Wednesday, February 16, 2011

Feb 16th - ATV sent to resupply the ISS

The Johannes Kepler Automated Transfer Vehicle is the second of it's kind, designed to send large amounts of cargo to the ISS. This mission was the heaviest ever launched by ESA, totaling at 6,600kg of propellant, water, air, and dry cargo. Once the ship unloads at the ISS, it will undock, and will be sent to be destroyed in the earths atmosphere. The previous mission using an identical vehicle was launched in 2008.

This new cargo vehicle is important for one because the ISS is still growing, and as of this year is bigger than ever. Also, the space shuttle, ISS' largest resupply vehicle, is going to retire this year.

New Blog

The purpose of this blog is to deliver recent news of space exploration. The reason I made this blog is because I feel that far too little attention is being paid to this stuff, and I thought I should help with awareness.

Here's a list of orbital launches by year, green is successful, red is unsuccessful, and blue is total:

As you can see, the numbers have been dwindling for decades until a recent rise, which means that the world is operating far below capability in terms of space exploration. Here's a graph of NASA's budget: It's been steady since the Apollo program, but the notable point here is that the budget in 2004 was a mere $15 billion.

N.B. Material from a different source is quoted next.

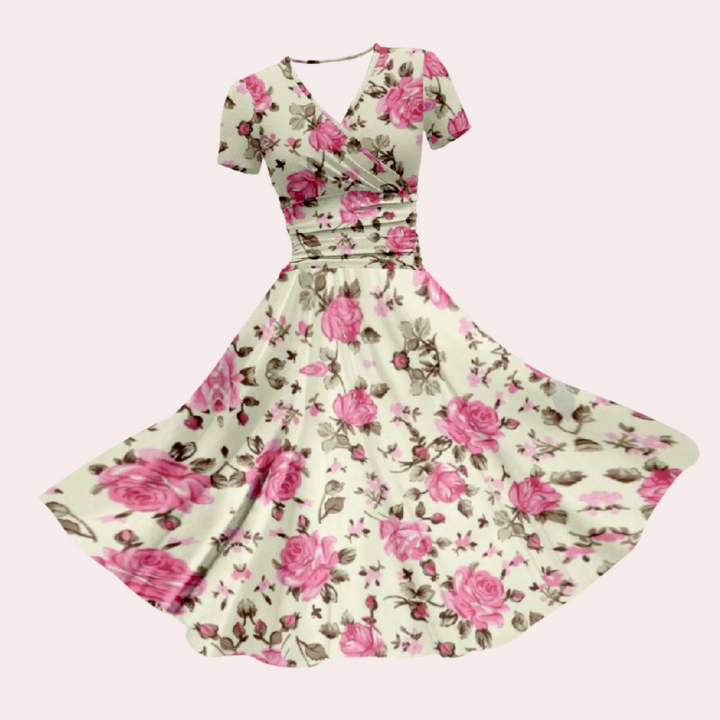 Bunte Midi-Kleid mit V-Ausschnitt – Selina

The budget is set to rise up to $20 billion (in 2010 dollars) by 2014, but that still makes NASA one of the smaller agencies of the US government. It's absolutely nothing compared the the country's unnecessary defense spending.
 Meanwhile the second largest space agency in the world, the European Space Agency (ESA), has a 2011 budget of $5.43 billion USD, and although it has grown significantly over the years, it's still small. My point is, if you live in a country with a space agency, ask your elected governments what their plan for space is. Pressure you government to raise spending for space exploration.